● **ASSIGNMENT**:
Return every entry exactly. Leave nothing out.

====== DATASET CONTENT

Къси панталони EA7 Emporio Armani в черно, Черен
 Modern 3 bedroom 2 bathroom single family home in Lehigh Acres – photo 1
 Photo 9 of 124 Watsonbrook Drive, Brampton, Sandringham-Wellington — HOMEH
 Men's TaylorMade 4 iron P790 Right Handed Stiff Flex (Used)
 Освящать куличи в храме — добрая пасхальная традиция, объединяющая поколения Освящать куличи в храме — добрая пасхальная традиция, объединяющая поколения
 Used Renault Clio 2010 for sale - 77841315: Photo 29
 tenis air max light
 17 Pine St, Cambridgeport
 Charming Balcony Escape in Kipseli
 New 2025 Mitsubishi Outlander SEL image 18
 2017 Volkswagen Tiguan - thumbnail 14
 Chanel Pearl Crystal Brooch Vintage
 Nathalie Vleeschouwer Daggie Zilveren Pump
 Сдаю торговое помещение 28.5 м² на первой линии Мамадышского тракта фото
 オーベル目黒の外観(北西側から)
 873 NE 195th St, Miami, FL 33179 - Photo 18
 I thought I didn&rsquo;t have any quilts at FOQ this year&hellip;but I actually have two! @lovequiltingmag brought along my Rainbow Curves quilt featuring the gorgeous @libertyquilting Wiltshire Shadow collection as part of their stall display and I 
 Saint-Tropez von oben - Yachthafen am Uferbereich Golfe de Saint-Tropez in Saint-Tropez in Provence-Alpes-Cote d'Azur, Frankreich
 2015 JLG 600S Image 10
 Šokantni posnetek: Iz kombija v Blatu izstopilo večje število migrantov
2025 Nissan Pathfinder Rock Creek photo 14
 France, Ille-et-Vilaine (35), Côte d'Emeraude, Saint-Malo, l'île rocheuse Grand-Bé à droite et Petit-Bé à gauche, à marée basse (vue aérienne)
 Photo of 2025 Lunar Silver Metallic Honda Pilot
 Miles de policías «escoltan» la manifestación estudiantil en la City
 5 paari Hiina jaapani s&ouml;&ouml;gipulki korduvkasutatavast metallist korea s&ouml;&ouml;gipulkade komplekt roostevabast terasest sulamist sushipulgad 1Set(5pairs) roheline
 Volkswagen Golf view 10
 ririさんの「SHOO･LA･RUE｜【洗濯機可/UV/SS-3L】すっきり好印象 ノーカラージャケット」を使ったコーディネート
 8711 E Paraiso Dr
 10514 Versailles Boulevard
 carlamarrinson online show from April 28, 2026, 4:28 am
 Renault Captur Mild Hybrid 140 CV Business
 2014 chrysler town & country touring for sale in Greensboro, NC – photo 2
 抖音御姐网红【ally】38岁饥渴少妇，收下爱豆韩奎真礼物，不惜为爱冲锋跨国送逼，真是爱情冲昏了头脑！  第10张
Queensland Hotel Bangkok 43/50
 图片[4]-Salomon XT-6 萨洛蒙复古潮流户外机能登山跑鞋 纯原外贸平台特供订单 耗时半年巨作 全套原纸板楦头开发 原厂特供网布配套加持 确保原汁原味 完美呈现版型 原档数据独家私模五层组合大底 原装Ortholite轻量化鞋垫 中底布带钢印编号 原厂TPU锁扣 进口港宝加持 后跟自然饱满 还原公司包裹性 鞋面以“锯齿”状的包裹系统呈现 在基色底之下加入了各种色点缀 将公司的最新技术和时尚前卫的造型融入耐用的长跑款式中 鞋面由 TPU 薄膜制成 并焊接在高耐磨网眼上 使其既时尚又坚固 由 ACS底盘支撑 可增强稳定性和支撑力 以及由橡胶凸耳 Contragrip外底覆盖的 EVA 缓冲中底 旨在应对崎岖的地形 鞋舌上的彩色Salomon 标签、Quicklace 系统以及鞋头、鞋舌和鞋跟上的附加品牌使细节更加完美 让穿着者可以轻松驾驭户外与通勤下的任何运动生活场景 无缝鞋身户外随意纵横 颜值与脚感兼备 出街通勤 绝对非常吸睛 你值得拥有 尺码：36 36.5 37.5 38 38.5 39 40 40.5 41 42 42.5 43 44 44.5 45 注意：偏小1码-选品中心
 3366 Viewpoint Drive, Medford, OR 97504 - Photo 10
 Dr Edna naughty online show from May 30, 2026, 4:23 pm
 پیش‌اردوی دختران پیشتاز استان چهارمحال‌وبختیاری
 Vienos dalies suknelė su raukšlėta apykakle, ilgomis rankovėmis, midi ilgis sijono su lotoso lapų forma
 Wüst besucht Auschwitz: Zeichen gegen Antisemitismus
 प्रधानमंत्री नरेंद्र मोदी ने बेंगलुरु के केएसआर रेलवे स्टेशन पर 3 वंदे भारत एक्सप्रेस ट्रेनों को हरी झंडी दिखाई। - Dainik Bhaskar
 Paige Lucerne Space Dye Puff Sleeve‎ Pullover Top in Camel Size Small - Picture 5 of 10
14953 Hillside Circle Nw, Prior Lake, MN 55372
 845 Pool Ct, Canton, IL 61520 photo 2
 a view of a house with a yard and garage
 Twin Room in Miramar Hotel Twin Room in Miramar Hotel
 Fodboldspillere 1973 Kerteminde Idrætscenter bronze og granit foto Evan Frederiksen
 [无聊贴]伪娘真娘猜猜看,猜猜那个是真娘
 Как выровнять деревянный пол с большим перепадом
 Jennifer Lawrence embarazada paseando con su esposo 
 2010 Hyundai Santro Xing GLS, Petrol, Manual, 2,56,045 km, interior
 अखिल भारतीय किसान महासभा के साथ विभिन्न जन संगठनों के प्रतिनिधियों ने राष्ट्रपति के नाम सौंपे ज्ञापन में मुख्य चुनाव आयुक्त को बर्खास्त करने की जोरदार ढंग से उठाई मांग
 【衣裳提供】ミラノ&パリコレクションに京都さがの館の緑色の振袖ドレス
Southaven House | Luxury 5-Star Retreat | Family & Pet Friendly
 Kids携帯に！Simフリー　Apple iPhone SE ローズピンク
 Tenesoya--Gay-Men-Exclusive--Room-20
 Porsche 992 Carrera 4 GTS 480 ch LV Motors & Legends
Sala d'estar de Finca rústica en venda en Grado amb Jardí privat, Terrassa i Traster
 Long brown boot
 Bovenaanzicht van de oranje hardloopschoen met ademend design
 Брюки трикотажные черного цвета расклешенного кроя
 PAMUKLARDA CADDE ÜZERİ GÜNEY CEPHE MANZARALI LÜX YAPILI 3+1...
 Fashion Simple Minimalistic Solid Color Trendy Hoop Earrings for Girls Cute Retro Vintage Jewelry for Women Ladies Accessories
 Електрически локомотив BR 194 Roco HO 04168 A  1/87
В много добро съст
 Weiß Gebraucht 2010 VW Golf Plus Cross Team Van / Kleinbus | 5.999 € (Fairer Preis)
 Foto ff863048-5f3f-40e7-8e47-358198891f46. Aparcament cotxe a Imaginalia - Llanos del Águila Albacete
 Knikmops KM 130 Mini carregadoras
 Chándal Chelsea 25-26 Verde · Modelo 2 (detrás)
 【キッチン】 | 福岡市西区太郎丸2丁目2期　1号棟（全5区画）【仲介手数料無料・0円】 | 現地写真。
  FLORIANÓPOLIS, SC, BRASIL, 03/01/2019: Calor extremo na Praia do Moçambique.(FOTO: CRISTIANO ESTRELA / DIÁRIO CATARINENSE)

============

● **WRITTEN REPLY**:
Къси панталони EA7 Emporio Armani в черно, Черен
 Modern 3 bedroom 2 bathroom single family home in Lehigh Acres – photo 1
 Photo 9 of 124 Watsonbrook Drive, Brampton, Sandringham-Wellington — HOMEH
 Men's TaylorMade 4 iron P790 Right Handed Stiff Flex (Used)
 Освящать куличи в храме — добрая пасхальная традиция, объединяющая поколения Освящать куличи в храме — добрая пасхальная традиция, объединяющая поколения
 Used Renault Clio 2010 for sale - 77841315: Photo 29
 tenis air max light
 17 Pine St, Cambridgeport
 Charming Balcony Escape in Kipseli
 New 2025 Mitsubishi Outlander SEL image 18
 2017 Volkswagen Tiguan - thumbnail 14
 Chanel Pearl Crystal Brooch Vintage
 Nathalie Vleeschouwer Daggie Zilveren Pump
 Сдаю торговое помещение 28.5 м² на первой линии Мамадышского тракта фото
 オーベル目黒の外観(北西側から)
 873 NE 195th St, Miami, FL 33179 - Photo 18
 I thought I didn&rsquo;t have any quilts at FOQ this year&hellip;but I actually have two! @lovequiltingmag brought along my Rainbow Curves quilt featuring the gorgeous @libertyquilting Wiltshire Shadow collection as part of their stall display and I 
 Saint-Tropez von oben - Yachthafen am Uferbereich Golfe de Saint-Tropez in Saint-Tropez in Provence-Alpes-Cote d'Azur, Frankreich
 2015 JLG 600S Image 10
 Šokantni posnetek: Iz kombija v Blatu izstopilo večje število migrantov
2025 Nissan Pathfinder Rock Creek photo 14
 France, Ille-et-Vilaine (35), Côte d'Emeraude, Saint-Malo, l'île rocheuse Grand-Bé à droite et Petit-Bé à gauche, à marée basse (vue aérienne)
 Photo of 2025 Lunar Silver Metallic Honda Pilot
 Miles de policías «escoltan» la manifestación estudiantil en la City
 5 paari Hiina jaapani s&ouml;&ouml;gipulki korduvkasutatavast metallist korea s&ouml;&ouml;gipulkade komplekt roostevabast terasest sulamist sushipulgad 1Set(5pairs) roheline
 Volkswagen Golf view 10
 ririさんの「SHOO･LA･RUE｜【洗濯機可/UV/SS-3L】すっきり好印象 ノーカラージャケット」を使ったコーディネート
 8711 E Paraiso Dr
 10514 Versailles Boulevard
 carlamarrinson online show from April 28, 2026, 4:28 am
 Renault Captur Mild Hybrid 140 CV Business
 2014 chrysler town & country touring for sale in Greensboro, NC – photo 2
 抖音御姐网红【ally】38岁饥渴少妇，收下爱豆韩奎真礼物，不惜为爱冲锋跨国送逼，真是爱情冲昏了头脑！  第10张
Queensland Hotel Bangkok 43/50
 图片[4]-Salomon XT-6 萨洛蒙复古潮流户外机能登山跑鞋 纯原外贸平台特供订单 耗时半年巨作 全套原纸板楦头开发 原厂特供网布配套加持 确保原汁原味 完美呈现版型 原档数据独家私模五层组合大底 原装Ortholite轻量化鞋垫 中底布带钢印编号 原厂TPU锁扣 进口港宝加持 后跟自然饱满 还原公司包裹性 鞋面以“锯齿”状的包裹系统呈现 在基色底之下加入了各种色点缀 将公司的最新技术和时尚前卫的造型融入耐用的长跑款式中 鞋面由 TPU 薄膜制成 并焊接在高耐磨网眼上 使其既时尚又坚固 由 ACS底盘支撑 可增强稳定性和支撑力 以及由橡胶凸耳 Contragrip外底覆盖的 EVA 缓冲中底 旨在应对崎岖的地形 鞋舌上的彩色Salomon 标签、Quicklace 系统以及鞋头、鞋舌和鞋跟上的附加品牌使细节更加完美 让穿着者可以轻松驾驭户外与通勤下的任何运动生活场景 无缝鞋身户外随意纵横 颜值与脚感兼备 出街通勤 绝对非常吸睛 你值得拥有 尺码：36 36.5 37.5 38 38.5 39 40 40.5 41 42 42.5 43 44 44.5 45 注意：偏小1码-选品中心
 3366 Viewpoint Drive, Medford, OR 97504 - Photo 10
 Dr Edna naughty online show from May 30, 2026, 4:23 pm
 پیش‌اردوی دختران پیشتاز استان چهارمحال‌وبختیاری
 Vienos dalies suknelė su raukšlėta apykakle, ilgomis rankovėmis, midi ilgis sijono su lotoso lapų forma
 Wüst besucht Auschwitz: Zeichen gegen Antisemitismus
 प्रधानमंत्री नरेंद्र मोदी ने बेंगलुरु के केएसआर रेलवे स्टेशन पर 3 वंदे भारत एक्सप्रेस ट्रेनों को हरी झंडी दिखाई। - Dainik Bhaskar
 Paige Lucerne Space Dye Puff Sleeve‎ Pullover Top in Camel Size Small - Picture 5 of 10
14953 Hillside Circle Nw, Prior Lake, MN 55372
 845 Pool Ct, Canton, IL 61520 photo 2
 a view of a house with a yard and garage
 Twin Room in Miramar Hotel Twin Room in Miramar Hotel
 Fodboldspillere 1973 Kerteminde Idrætscenter bronze og granit foto Evan Frederiksen
 [无聊贴]伪娘真娘猜猜看,猜猜那个是真娘
 Как выровнять деревянный пол с большим перепадом
 Jennifer Lawrence embarazada paseando con su esposo 
 2010 Hyundai Santro Xing GLS, Petrol, Manual, 2,56,045 km, interior
 अखिल भारतीय किसान महासभा के साथ विभिन्न जन संगठनों के प्रतिनिधियों ने राष्ट्रपति के नाम सौंपे ज्ञापन में मुख्य चुनाव आयुक्त को बर्खास्त करने की जोरदार ढंग से उठाई मांग
 【衣裳提供】ミラノ&パリコレクションに京都さがの館の緑色の振袖ドレス
Southaven House | Luxury 5-Star Retreat | Family & Pet Friendly
 Kids携帯に！Simフリー　Apple iPhone SE ローズピンク
 Tenesoya--Gay-Men-Exclusive--Room-20
 Porsche 992 Carrera 4 GTS 480 ch LV Motors & Legends
Sala d'estar de Finca rústica en venda en Grado amb Jardí privat, Terrassa i Traster
 Long brown boot
 Bovenaanzicht van de oranje hardloopschoen met ademend design
 Брюки трикотажные черного цвета расклешенного кроя
 PAMUKLARDA CADDE ÜZERİ GÜNEY CEPHE MANZARALI LÜX YAPILI 3+1...
 Fashion Simple Minimalistic Solid Color Trendy Hoop Earrings for Girls Cute Retro Vintage Jewelry for Women Ladies Accessories
 Електрически локомотив BR 194 Roco HO 04168 A  1/87
В много добро съст
 Weiß Gebraucht 2010 VW Golf Plus Cross Team Van / Kleinbus | 5.999 € (Fairer Preis)
 Foto ff863048-5f3f-40e7-8e47-358198891f46. Aparcament cotxe a Imaginalia - Llanos del Águila Albacete
 Knikmops KM 130 Mini carregadoras
 Chándal Chelsea 25-26 Verde · Modelo 2 (detrás)
 【キッチン】 | 福岡市西区太郎丸2丁目2期　1号棟（全5区画）【仲介手数料無料・0円】 | 現地写真。
  FLORIANÓPOLIS, SC, BRASIL, 03/01/2019: Calor extremo na Praia do Moçambique.(FOTO: CRISTIANO ESTRELA / DIÁRIO CATARINENSE)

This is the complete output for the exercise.